• Data for review:

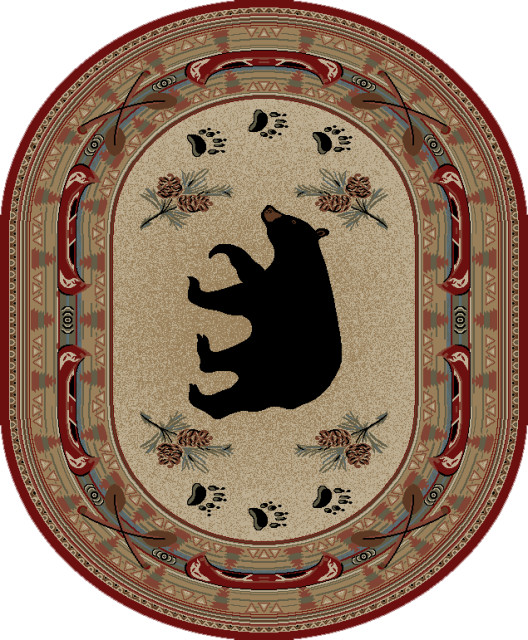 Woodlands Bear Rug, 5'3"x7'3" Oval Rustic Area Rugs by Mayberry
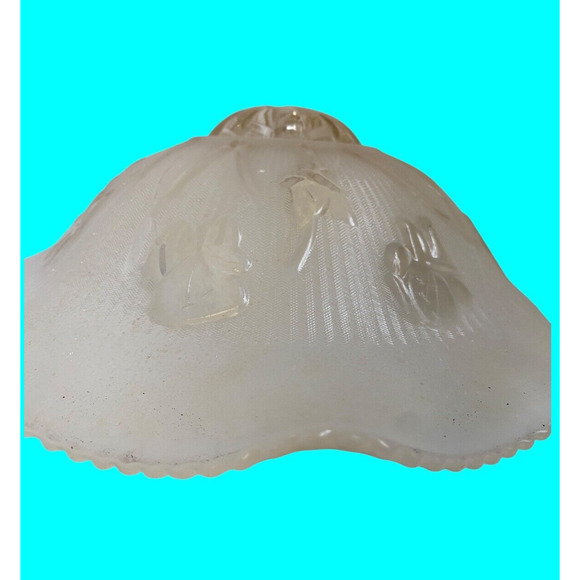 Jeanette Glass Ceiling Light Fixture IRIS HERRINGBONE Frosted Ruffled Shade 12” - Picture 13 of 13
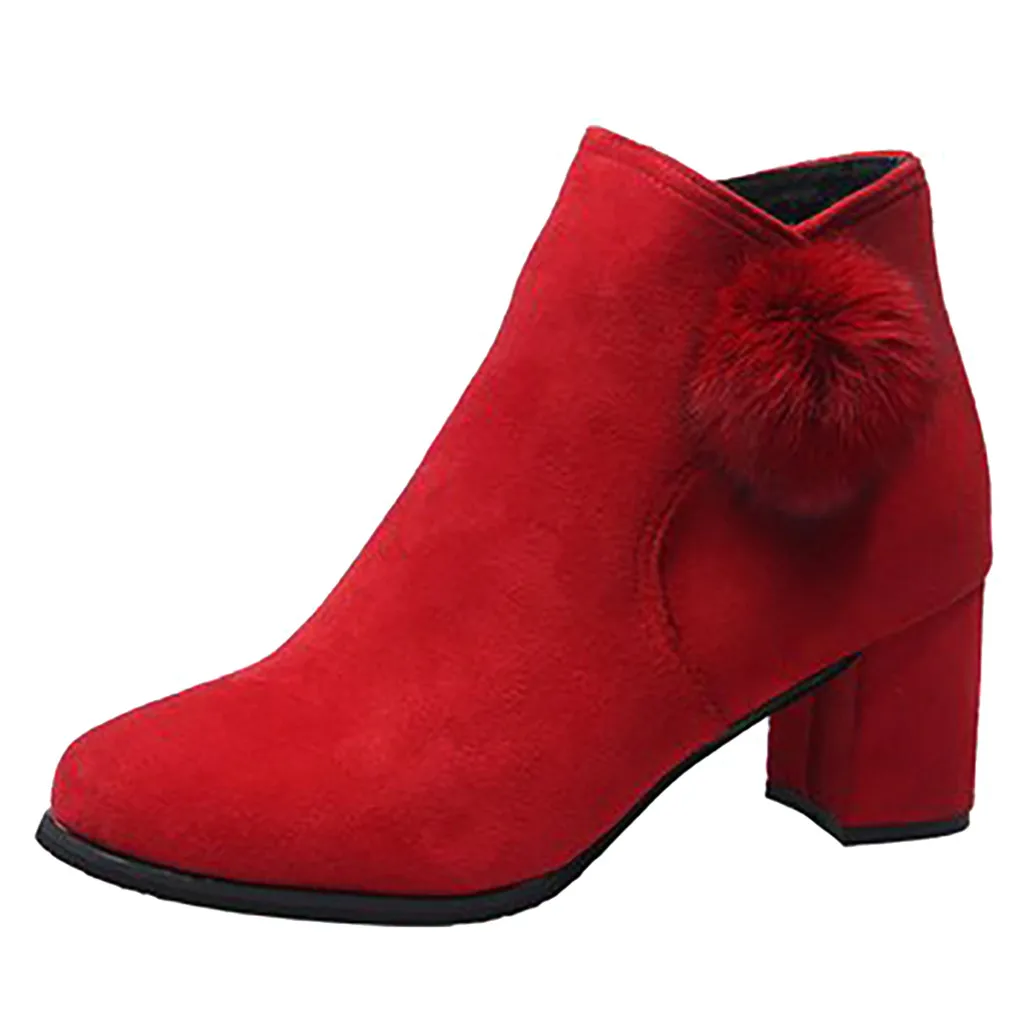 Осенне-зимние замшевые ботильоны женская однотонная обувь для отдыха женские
==
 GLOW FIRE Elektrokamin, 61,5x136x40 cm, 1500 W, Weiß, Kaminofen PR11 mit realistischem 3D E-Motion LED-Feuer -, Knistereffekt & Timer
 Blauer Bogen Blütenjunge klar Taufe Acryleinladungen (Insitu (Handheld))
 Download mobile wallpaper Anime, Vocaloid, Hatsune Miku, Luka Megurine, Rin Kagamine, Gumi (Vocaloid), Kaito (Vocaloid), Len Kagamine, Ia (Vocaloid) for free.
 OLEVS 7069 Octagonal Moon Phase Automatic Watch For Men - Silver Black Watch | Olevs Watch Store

• What you need to do:
Look above for the line with "Blauer Bogen Blütenjunge"; retype exactly that line, every line after it up to the line with "OLEVS 7069 Octagonal", and that line too, nothing else.

• Answer box:
 Blauer Bogen Blütenjunge klar Taufe Acryleinladungen (Insitu (Handheld))
 Download mobile wallpaper Anime, Vocaloid, Hatsune Miku, Luka Megurine, Rin Kagamine, Gumi (Vocaloid), Kaito (Vocaloid), Len Kagamine, Ia (Vocaloid) for free.
 OLEVS 7069 Octagonal Moon Phase Automatic Watch For Men - Silver Black Watch | Olevs Watch Store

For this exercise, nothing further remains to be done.